+++ Records for this task

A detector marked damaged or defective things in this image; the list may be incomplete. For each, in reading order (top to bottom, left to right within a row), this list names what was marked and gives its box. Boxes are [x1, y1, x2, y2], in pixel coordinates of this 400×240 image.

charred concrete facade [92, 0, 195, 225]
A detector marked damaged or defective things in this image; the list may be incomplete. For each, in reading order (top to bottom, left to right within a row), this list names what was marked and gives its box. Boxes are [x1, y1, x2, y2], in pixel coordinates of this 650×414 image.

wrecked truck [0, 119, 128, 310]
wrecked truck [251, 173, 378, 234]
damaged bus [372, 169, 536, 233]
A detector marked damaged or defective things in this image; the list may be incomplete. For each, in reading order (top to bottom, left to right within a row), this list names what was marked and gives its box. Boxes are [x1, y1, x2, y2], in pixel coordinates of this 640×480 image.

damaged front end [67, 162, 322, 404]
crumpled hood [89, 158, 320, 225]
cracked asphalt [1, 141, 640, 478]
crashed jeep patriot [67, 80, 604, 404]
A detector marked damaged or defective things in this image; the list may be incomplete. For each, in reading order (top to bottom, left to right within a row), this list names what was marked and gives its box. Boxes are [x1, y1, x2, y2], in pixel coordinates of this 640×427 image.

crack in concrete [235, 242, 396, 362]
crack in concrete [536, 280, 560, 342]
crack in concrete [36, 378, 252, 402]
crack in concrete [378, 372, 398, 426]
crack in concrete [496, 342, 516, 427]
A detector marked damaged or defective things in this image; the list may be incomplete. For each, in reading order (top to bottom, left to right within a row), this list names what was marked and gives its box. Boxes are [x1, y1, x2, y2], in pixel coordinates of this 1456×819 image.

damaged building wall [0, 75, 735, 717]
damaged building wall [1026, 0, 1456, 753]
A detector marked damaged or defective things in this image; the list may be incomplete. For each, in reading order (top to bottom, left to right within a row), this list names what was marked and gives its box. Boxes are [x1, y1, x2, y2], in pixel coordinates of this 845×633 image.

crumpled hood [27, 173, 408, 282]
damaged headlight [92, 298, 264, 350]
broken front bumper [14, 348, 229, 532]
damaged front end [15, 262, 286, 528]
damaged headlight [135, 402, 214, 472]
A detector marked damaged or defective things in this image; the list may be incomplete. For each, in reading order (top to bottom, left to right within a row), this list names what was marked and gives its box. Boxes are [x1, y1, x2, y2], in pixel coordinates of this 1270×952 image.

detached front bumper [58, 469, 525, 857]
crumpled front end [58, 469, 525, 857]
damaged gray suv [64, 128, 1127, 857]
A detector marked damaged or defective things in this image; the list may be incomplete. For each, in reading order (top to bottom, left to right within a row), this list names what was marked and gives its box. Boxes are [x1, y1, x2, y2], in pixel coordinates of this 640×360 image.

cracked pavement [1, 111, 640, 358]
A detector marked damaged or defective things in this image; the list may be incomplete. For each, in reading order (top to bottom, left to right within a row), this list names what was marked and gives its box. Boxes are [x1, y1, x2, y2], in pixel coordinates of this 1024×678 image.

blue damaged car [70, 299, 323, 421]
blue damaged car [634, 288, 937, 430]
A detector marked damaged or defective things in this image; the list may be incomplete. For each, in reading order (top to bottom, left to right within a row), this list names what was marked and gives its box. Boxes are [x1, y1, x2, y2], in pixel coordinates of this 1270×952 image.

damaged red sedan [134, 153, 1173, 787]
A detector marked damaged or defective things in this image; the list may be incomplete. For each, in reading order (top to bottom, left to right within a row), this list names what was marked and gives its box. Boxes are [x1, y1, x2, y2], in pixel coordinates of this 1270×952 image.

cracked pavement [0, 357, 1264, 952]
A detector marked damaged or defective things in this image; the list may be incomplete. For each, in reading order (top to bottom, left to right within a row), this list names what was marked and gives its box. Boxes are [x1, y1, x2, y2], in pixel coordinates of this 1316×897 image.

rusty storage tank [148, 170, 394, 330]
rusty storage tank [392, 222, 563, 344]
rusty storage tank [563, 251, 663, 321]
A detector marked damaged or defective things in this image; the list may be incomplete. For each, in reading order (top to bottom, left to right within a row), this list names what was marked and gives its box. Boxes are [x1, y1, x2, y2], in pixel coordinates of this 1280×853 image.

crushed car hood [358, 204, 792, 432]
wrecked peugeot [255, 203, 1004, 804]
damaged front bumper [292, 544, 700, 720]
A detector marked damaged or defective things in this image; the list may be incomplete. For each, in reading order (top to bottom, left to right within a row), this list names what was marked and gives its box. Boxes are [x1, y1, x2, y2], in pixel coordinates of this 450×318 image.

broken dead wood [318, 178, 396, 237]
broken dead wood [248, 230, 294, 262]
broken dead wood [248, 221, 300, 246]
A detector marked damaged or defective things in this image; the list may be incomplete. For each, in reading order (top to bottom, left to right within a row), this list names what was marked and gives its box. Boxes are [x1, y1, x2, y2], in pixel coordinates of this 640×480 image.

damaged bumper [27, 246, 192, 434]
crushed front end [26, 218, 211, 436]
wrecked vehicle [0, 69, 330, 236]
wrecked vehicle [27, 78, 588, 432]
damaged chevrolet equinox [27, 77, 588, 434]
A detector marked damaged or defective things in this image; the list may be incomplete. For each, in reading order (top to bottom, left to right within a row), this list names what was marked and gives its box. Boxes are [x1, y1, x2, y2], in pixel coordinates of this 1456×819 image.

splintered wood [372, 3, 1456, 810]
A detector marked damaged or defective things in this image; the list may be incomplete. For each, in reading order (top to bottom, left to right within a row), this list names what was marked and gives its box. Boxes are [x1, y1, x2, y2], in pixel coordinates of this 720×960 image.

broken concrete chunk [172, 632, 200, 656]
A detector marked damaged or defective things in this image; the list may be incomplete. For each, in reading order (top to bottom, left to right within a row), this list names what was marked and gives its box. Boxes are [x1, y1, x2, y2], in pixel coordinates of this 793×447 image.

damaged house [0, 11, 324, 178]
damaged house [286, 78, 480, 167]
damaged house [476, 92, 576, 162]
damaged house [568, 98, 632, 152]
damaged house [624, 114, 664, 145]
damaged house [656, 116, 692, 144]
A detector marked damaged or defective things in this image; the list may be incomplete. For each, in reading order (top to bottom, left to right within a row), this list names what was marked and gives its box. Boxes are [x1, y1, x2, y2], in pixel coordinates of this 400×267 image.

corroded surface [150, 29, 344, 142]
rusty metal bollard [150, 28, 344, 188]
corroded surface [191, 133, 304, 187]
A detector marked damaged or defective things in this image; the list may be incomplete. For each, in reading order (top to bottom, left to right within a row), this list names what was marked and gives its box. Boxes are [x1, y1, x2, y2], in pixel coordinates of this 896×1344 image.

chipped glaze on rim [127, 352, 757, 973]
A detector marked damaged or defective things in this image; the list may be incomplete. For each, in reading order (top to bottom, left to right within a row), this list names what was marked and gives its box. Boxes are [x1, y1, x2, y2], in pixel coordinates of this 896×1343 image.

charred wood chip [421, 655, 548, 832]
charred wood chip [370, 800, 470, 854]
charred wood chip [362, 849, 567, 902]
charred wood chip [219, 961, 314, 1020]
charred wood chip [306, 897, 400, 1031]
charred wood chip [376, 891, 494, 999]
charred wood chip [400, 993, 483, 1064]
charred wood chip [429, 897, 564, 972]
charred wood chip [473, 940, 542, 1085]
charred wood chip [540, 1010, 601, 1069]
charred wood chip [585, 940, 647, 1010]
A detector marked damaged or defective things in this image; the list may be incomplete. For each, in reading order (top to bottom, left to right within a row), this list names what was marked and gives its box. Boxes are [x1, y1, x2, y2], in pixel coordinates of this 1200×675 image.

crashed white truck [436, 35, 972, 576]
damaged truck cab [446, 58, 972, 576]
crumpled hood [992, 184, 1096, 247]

++++++

- [Goal of the exercise]
This exercise calls for the entries to be restated exactly.

- [Your solution]
A detector marked damaged or defective things in this image; the list may be incomplete. For each, in reading order (top to bottom, left to right within a row), this list names what was marked and gives its box. Boxes are [x1, y1, x2, y2], in pixel coordinates of this 400×240 image.

charred concrete facade [92, 0, 195, 225]
A detector marked damaged or defective things in this image; the list may be incomplete. For each, in reading order (top to bottom, left to right within a row), this list names what was marked and gives its box. Boxes are [x1, y1, x2, y2], in pixel coordinates of this 650×414 image.

wrecked truck [0, 119, 128, 310]
wrecked truck [251, 173, 378, 234]
damaged bus [372, 169, 536, 233]
A detector marked damaged or defective things in this image; the list may be incomplete. For each, in reading order (top to bottom, left to right within a row), this list names what was marked and gives its box. Boxes are [x1, y1, x2, y2], in pixel coordinates of this 640×480 image.

damaged front end [67, 162, 322, 404]
crumpled hood [89, 158, 320, 225]
cracked asphalt [1, 141, 640, 478]
crashed jeep patriot [67, 80, 604, 404]
A detector marked damaged or defective things in this image; the list may be incomplete. For each, in reading order (top to bottom, left to right within a row), this list names what was marked and gives its box. Boxes are [x1, y1, x2, y2], in pixel coordinates of this 640×427 image.

crack in concrete [235, 242, 396, 362]
crack in concrete [536, 280, 560, 342]
crack in concrete [36, 378, 252, 402]
crack in concrete [378, 372, 398, 426]
crack in concrete [496, 342, 516, 427]
A detector marked damaged or defective things in this image; the list may be incomplete. For each, in reading order (top to bottom, left to right within a row), this list names what was marked and gives its box. Boxes are [x1, y1, x2, y2], in pixel coordinates of this 1456×819 image.

damaged building wall [0, 75, 735, 717]
damaged building wall [1026, 0, 1456, 753]
A detector marked damaged or defective things in this image; the list may be incomplete. For each, in reading order (top to bottom, left to right within a row), this list names what was marked and gives its box. Boxes are [x1, y1, x2, y2], in pixel coordinates of this 845×633 image.

crumpled hood [27, 173, 408, 282]
damaged headlight [92, 298, 264, 350]
broken front bumper [14, 348, 229, 532]
damaged front end [15, 262, 286, 528]
damaged headlight [135, 402, 214, 472]
A detector marked damaged or defective things in this image; the list may be incomplete. For each, in reading order (top to bottom, left to right within a row), this list names what was marked and gives its box. Boxes are [x1, y1, x2, y2], in pixel coordinates of this 1270×952 image.

detached front bumper [58, 469, 525, 857]
crumpled front end [58, 469, 525, 857]
damaged gray suv [64, 128, 1127, 857]
A detector marked damaged or defective things in this image; the list may be incomplete. For each, in reading order (top to bottom, left to right within a row), this list names what was marked and gives its box. Boxes are [x1, y1, x2, y2], in pixel coordinates of this 640×360 image.

cracked pavement [1, 111, 640, 358]
A detector marked damaged or defective things in this image; the list may be incomplete. For each, in reading order (top to bottom, left to right within a row), this list names what was marked and gives its box. Boxes are [x1, y1, x2, y2], in pixel coordinates of this 1024×678 image.

blue damaged car [70, 299, 323, 421]
blue damaged car [634, 288, 937, 430]
A detector marked damaged or defective things in this image; the list may be incomplete. For each, in reading order (top to bottom, left to right within a row), this list names what was marked and gives its box. Boxes are [x1, y1, x2, y2], in pixel coordinates of this 1270×952 image.

damaged red sedan [134, 153, 1173, 787]
A detector marked damaged or defective things in this image; the list may be incomplete. For each, in reading order (top to bottom, left to right within a row), this list names what was marked and gives its box. Boxes are [x1, y1, x2, y2], in pixel coordinates of this 1270×952 image.

cracked pavement [0, 357, 1264, 952]
A detector marked damaged or defective things in this image; the list may be incomplete. For each, in reading order (top to bottom, left to right within a row), this list names what was marked and gives its box. Boxes are [x1, y1, x2, y2], in pixel coordinates of this 1316×897 image.

rusty storage tank [148, 170, 394, 330]
rusty storage tank [392, 222, 563, 344]
rusty storage tank [563, 251, 663, 321]
A detector marked damaged or defective things in this image; the list may be incomplete. For each, in reading order (top to bottom, left to right within a row), this list names what was marked and gives its box. Boxes are [x1, y1, x2, y2], in pixel coordinates of this 1280×853 image.

crushed car hood [358, 204, 792, 432]
wrecked peugeot [255, 203, 1004, 804]
damaged front bumper [292, 544, 700, 720]
A detector marked damaged or defective things in this image; the list may be incomplete. For each, in reading order (top to bottom, left to right within a row), this list names what was marked and gives its box. Boxes are [x1, y1, x2, y2], in pixel coordinates of this 450×318 image.

broken dead wood [318, 178, 396, 237]
broken dead wood [248, 230, 294, 262]
broken dead wood [248, 221, 300, 246]
A detector marked damaged or defective things in this image; the list may be incomplete. For each, in reading order (top to bottom, left to right within a row), this list names what was marked and gives its box. Boxes are [x1, y1, x2, y2], in pixel coordinates of this 640×480 image.

damaged bumper [27, 246, 192, 434]
crushed front end [26, 218, 211, 436]
wrecked vehicle [0, 69, 330, 236]
wrecked vehicle [27, 78, 588, 432]
damaged chevrolet equinox [27, 77, 588, 434]
A detector marked damaged or defective things in this image; the list may be incomplete. For each, in reading order (top to bottom, left to right within a row), this list names what was marked and gives its box. Boxes are [x1, y1, x2, y2], in pixel coordinates of this 1456×819 image.

splintered wood [372, 3, 1456, 810]
A detector marked damaged or defective things in this image; the list may be incomplete. For each, in reading order (top to bottom, left to right within a row), this list names what was marked and gives its box. Boxes are [x1, y1, x2, y2], in pixel coordinates of this 720×960 image.

broken concrete chunk [172, 632, 200, 656]
A detector marked damaged or defective things in this image; the list may be incomplete. For each, in reading order (top to bottom, left to right within a row), this list names what was marked and gives its box. Boxes are [x1, y1, x2, y2], in pixel coordinates of this 793×447 image.

damaged house [0, 11, 324, 178]
damaged house [286, 78, 480, 167]
damaged house [476, 92, 576, 162]
damaged house [568, 98, 632, 152]
damaged house [624, 114, 664, 145]
damaged house [656, 116, 692, 144]
A detector marked damaged or defective things in this image; the list may be incomplete. For each, in reading order (top to bottom, left to right within a row), this list names what was marked and gives its box. Boxes are [x1, y1, x2, y2], in pixel coordinates of this 400×267 image.

corroded surface [150, 29, 344, 142]
rusty metal bollard [150, 28, 344, 188]
corroded surface [191, 133, 304, 187]
A detector marked damaged or defective things in this image; the list may be incomplete. For each, in reading order (top to bottom, left to right within a row), this list names what was marked and gives its box. Boxes are [x1, y1, x2, y2], in pixel coordinates of this 896×1344 image.

chipped glaze on rim [127, 352, 757, 973]
A detector marked damaged or defective things in this image; the list may be incomplete. For each, in reading order (top to bottom, left to right within a row), this list names what was marked and gives its box. Boxes are [x1, y1, x2, y2], in pixel coordinates of this 896×1343 image.

charred wood chip [421, 655, 548, 832]
charred wood chip [370, 800, 470, 854]
charred wood chip [362, 849, 567, 902]
charred wood chip [219, 961, 314, 1020]
charred wood chip [306, 897, 400, 1031]
charred wood chip [376, 891, 494, 999]
charred wood chip [400, 993, 483, 1064]
charred wood chip [429, 897, 564, 972]
charred wood chip [473, 940, 542, 1085]
charred wood chip [540, 1010, 601, 1069]
charred wood chip [585, 940, 647, 1010]
A detector marked damaged or defective things in this image; the list may be incomplete. For each, in reading order (top to bottom, left to right within a row), this list names what was marked and gives its box. Boxes are [x1, y1, x2, y2], in pixel coordinates of this 1200×675 image.

crashed white truck [436, 35, 972, 576]
damaged truck cab [446, 58, 972, 576]
crumpled hood [992, 184, 1096, 247]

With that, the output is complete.